**Work instructions**:
Write back every line of the listing exactly, excluding images.

**Task material**:
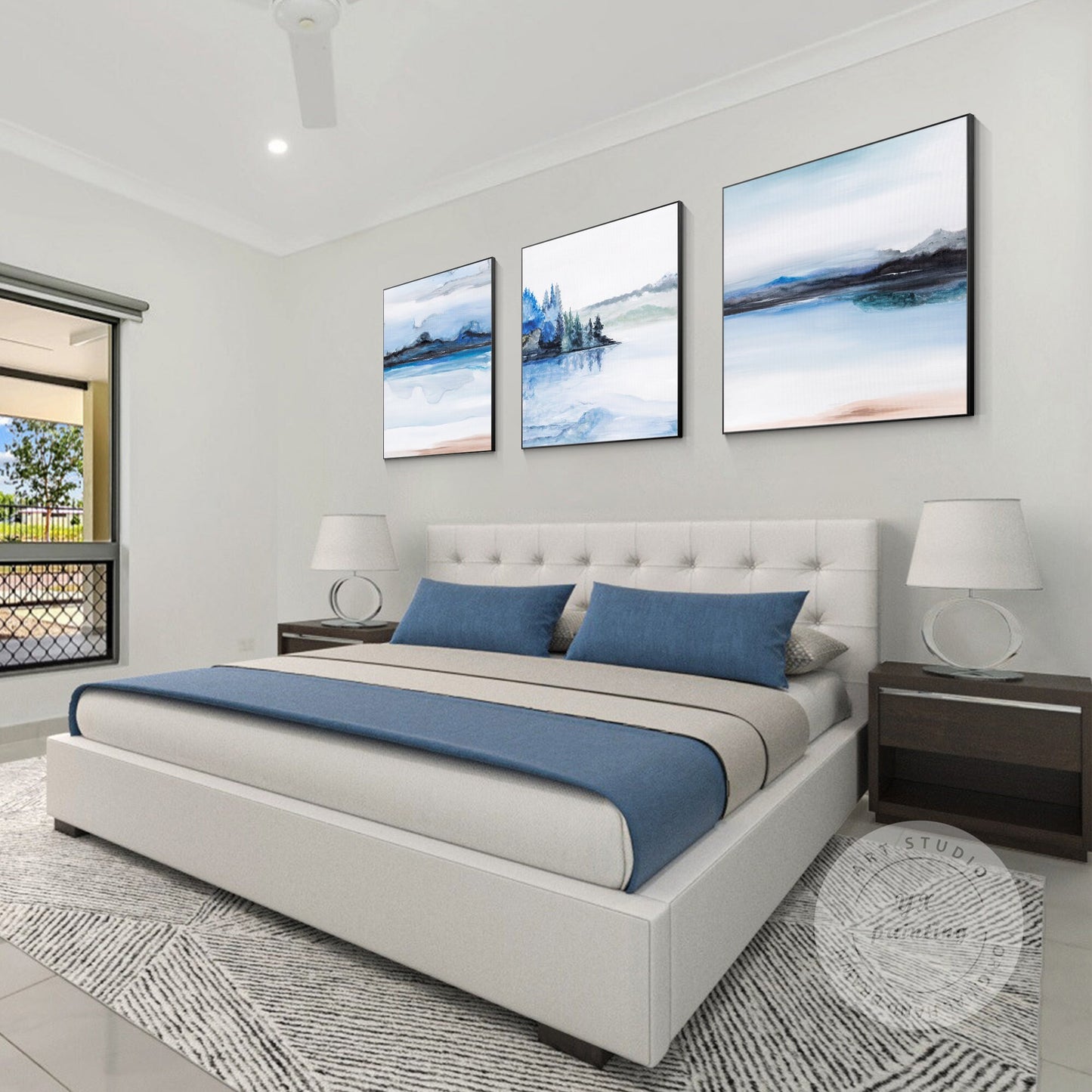 Watercolor Mountain Painting Set: Blue Landscape Canvas Wall Art #3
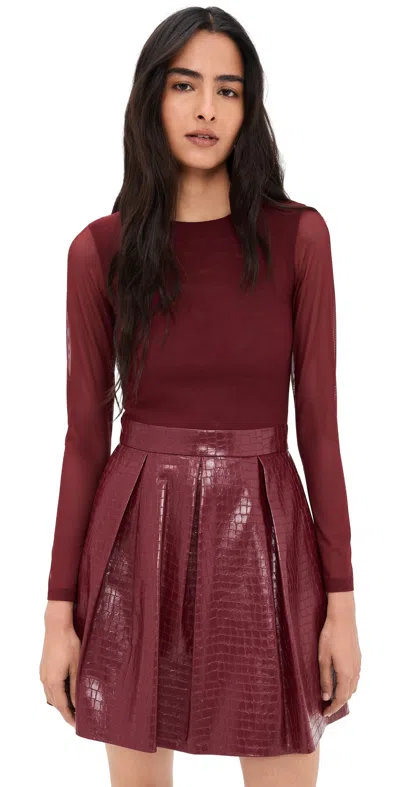 Alice And Olivia Chara Faux Croc Pleated Party Dress Oxblood In Burgundy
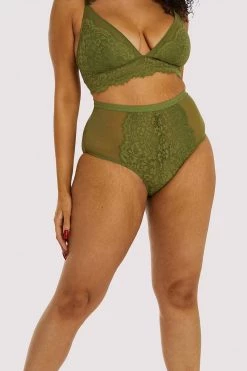Playful Promises Curve Exclusive Everyday Lingerie Bella Olive High Waist Brief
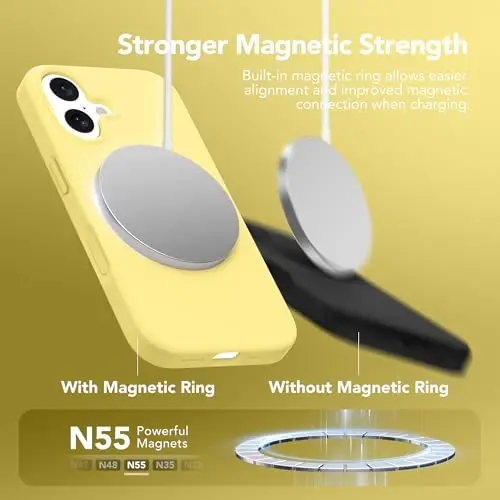 GONEZ Magnetic for iPhone 17 Case, Compatible with MagSafe, [Screen Protector + Camera Lens Protector], Liquid Silicone Anti-Scratch Shockproof Protective Phone Case 6.3 inch, Yellow - 3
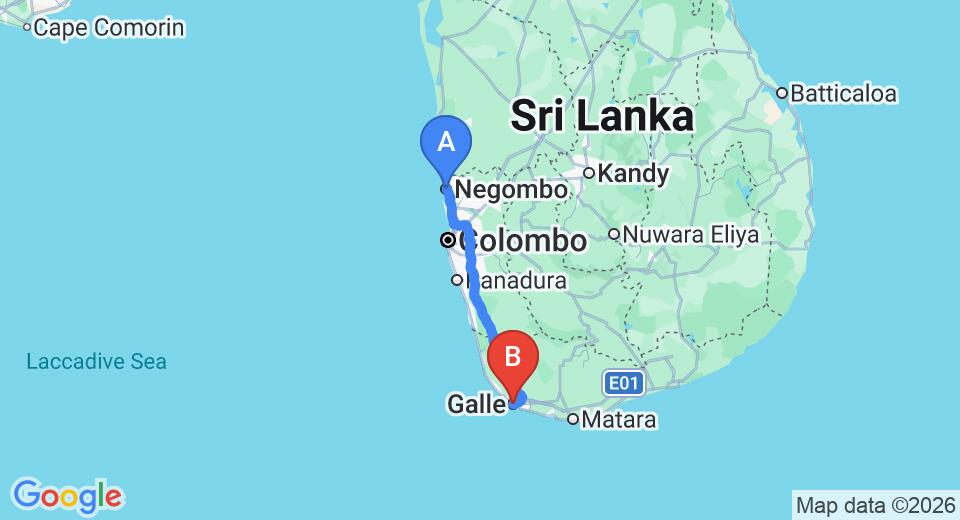 Driving route map: Negombo to Galle (155 km, approx 2 h 15 min private transfer)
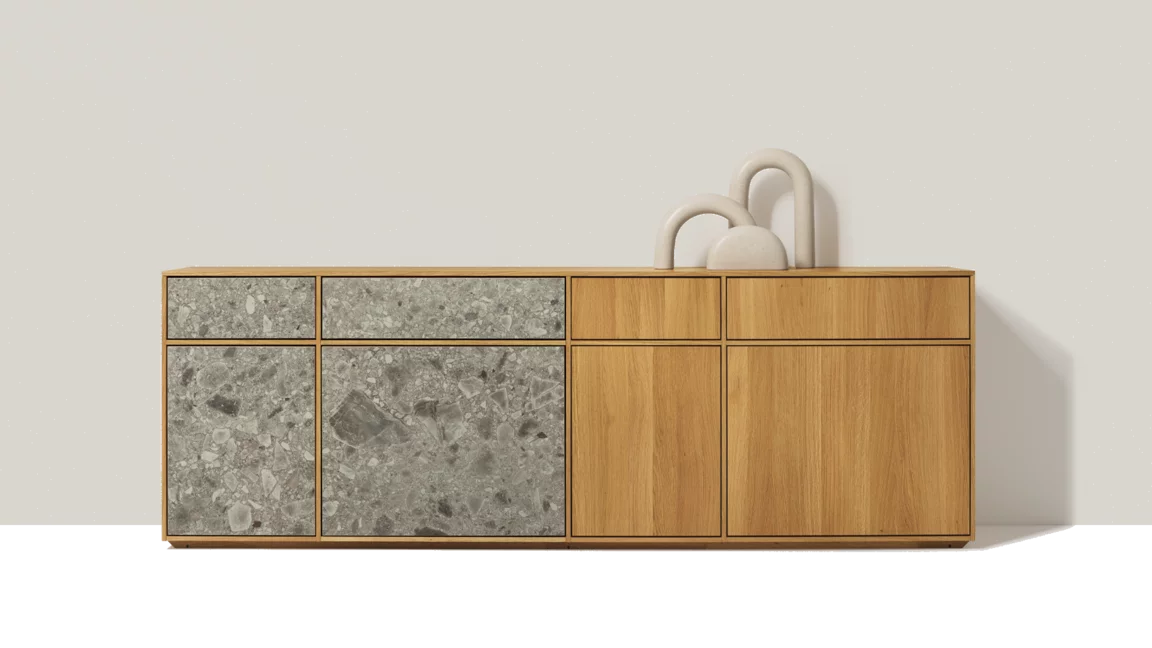Sideboard aus Eiche Massivholz mit MDi Frontelementen Sideboard filigno aus Eiche Massivholz mit MDi iseo gris Frontelementen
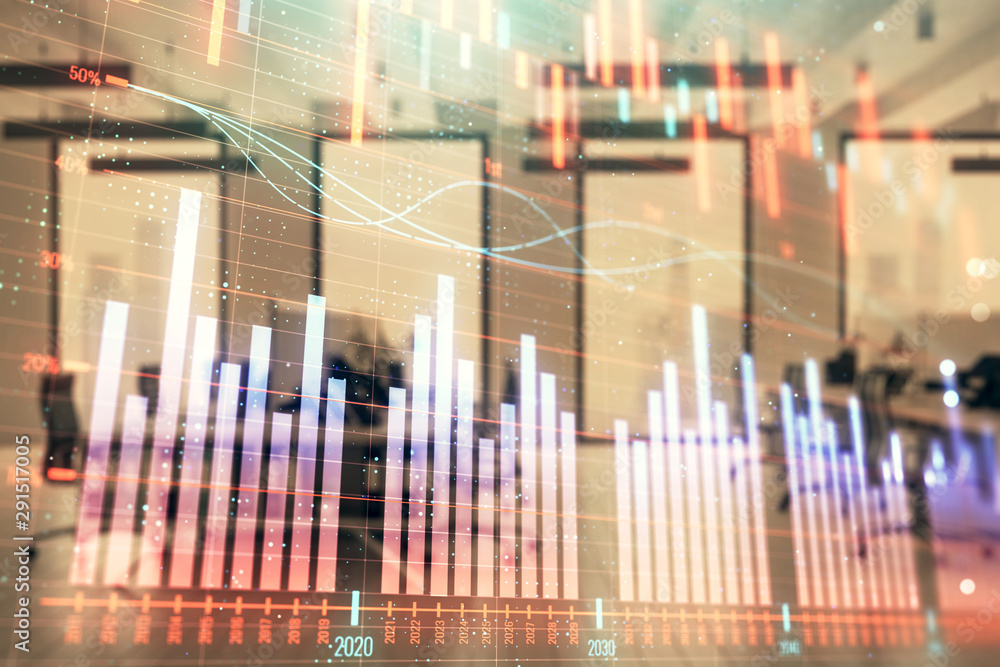 Stock market chart with trading desk bank office interior on background. Double exposure. Concept of financial analysis Stock market chart with trading desk bank office interior on background. Double exposure. Concept of financial analysis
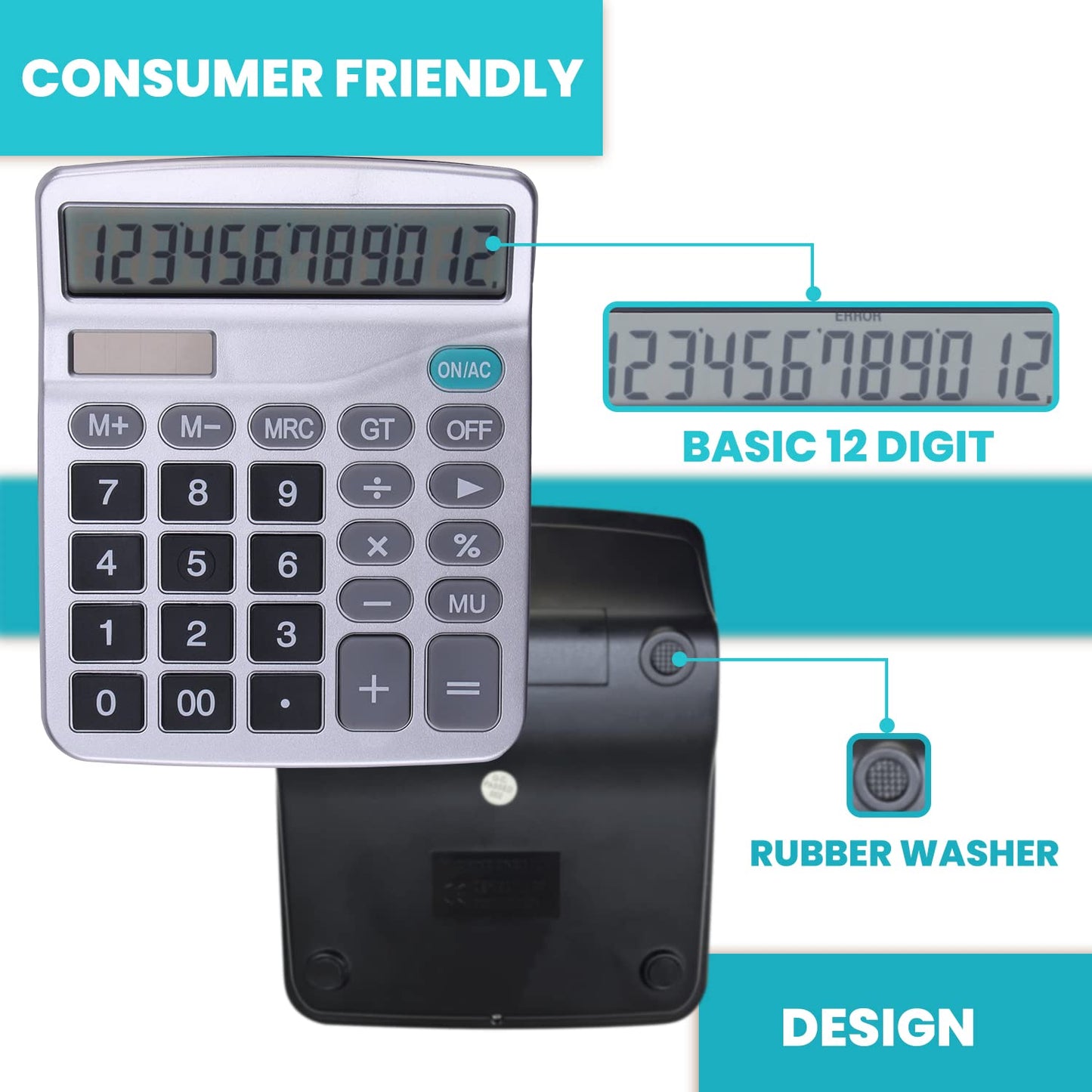 LICHAMP Desk Calculators with Big Buttons and Large Display, Office Desktop Calculator Basic 12 Digit with Solar Power and AA Battery (4 Packs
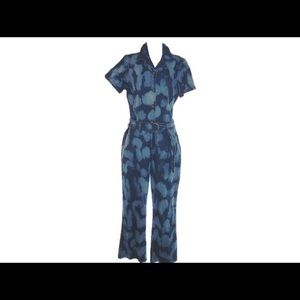 Vintage Acid Washed Jean Jumpsuit Bleached Denim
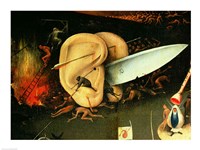 The Garden of Earthly Delights: Hell, right wing of triptych, detail of ears with a knife, c.1500 Fine Art Print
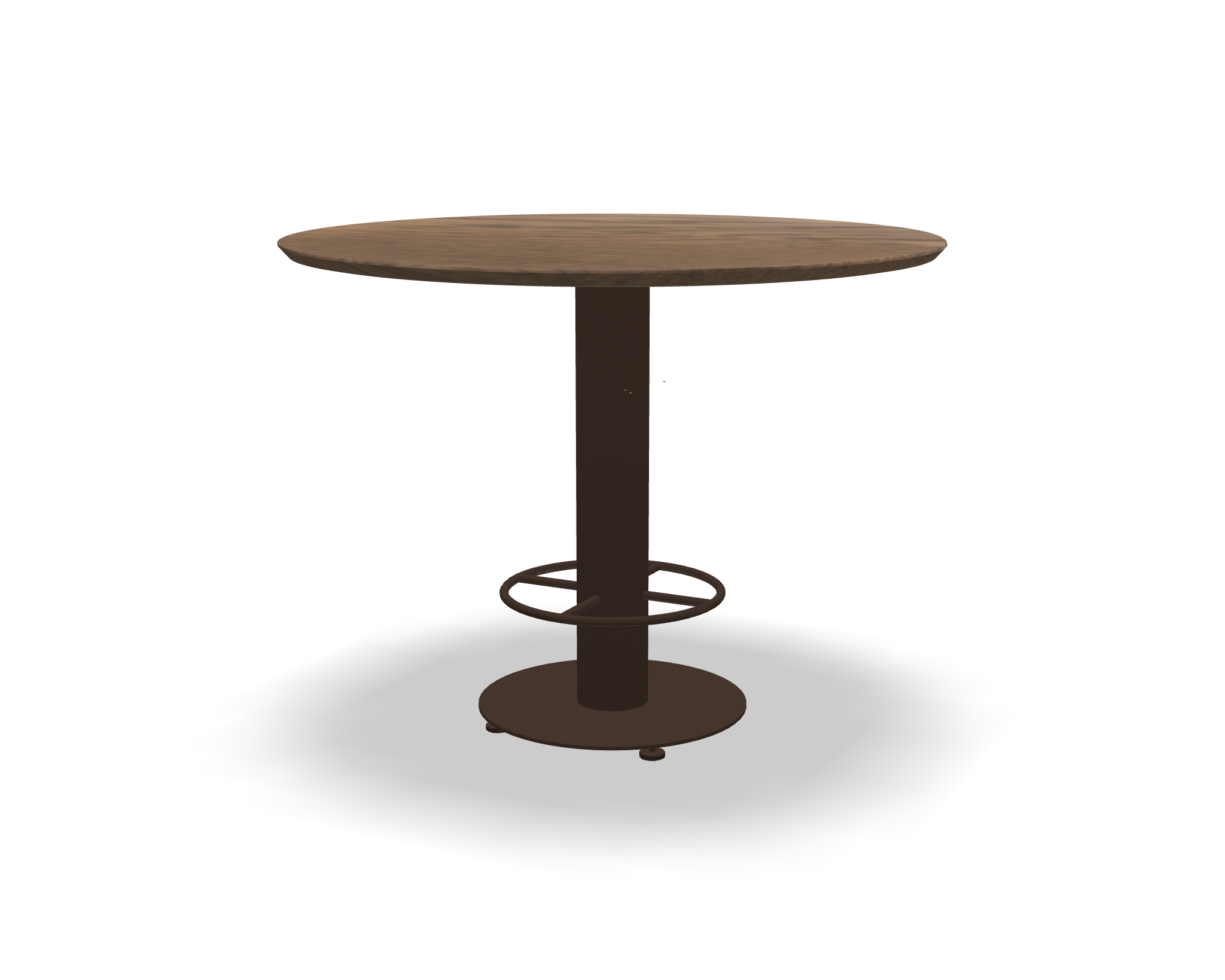 Ronde eikenhouten bartafel Sander met zwart stalen onderstel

**Reply**:
 Watercolor Mountain Painting Set: Blue Landscape Canvas Wall Art #3
 Alice And Olivia Chara Faux Croc Pleated Party Dress Oxblood In Burgundy
Playful Promises Curve Exclusive Everyday Lingerie Bella Olive High Waist Brief
 GONEZ Magnetic for iPhone 17 Case, Compatible with MagSafe, [Screen Protector + Camera Lens Protector], Liquid Silicone Anti-Scratch Shockproof Protective Phone Case 6.3 inch, Yellow - 3
 Driving route map: Negombo to Galle (155 km, approx 2 h 15 min private transfer)
Sideboard aus Eiche Massivholz mit MDi Frontelementen Sideboard filigno aus Eiche Massivholz mit MDi iseo gris Frontelementen
 Stock market chart with trading desk bank office interior on background. Double exposure. Concept of financial analysis Stock market chart with trading desk bank office interior on background. Double exposure. Concept of financial analysis
 LICHAMP Desk Calculators with Big Buttons and Large Display, Office Desktop Calculator Basic 12 Digit with Solar Power and AA Battery (4 Packs
 Vintage Acid Washed Jean Jumpsuit Bleached Denim
 The Garden of Earthly Delights: Hell, right wing of triptych, detail of ears with a knife, c.1500 Fine Art Print
 Ronde eikenhouten bartafel Sander met zwart stalen onderstel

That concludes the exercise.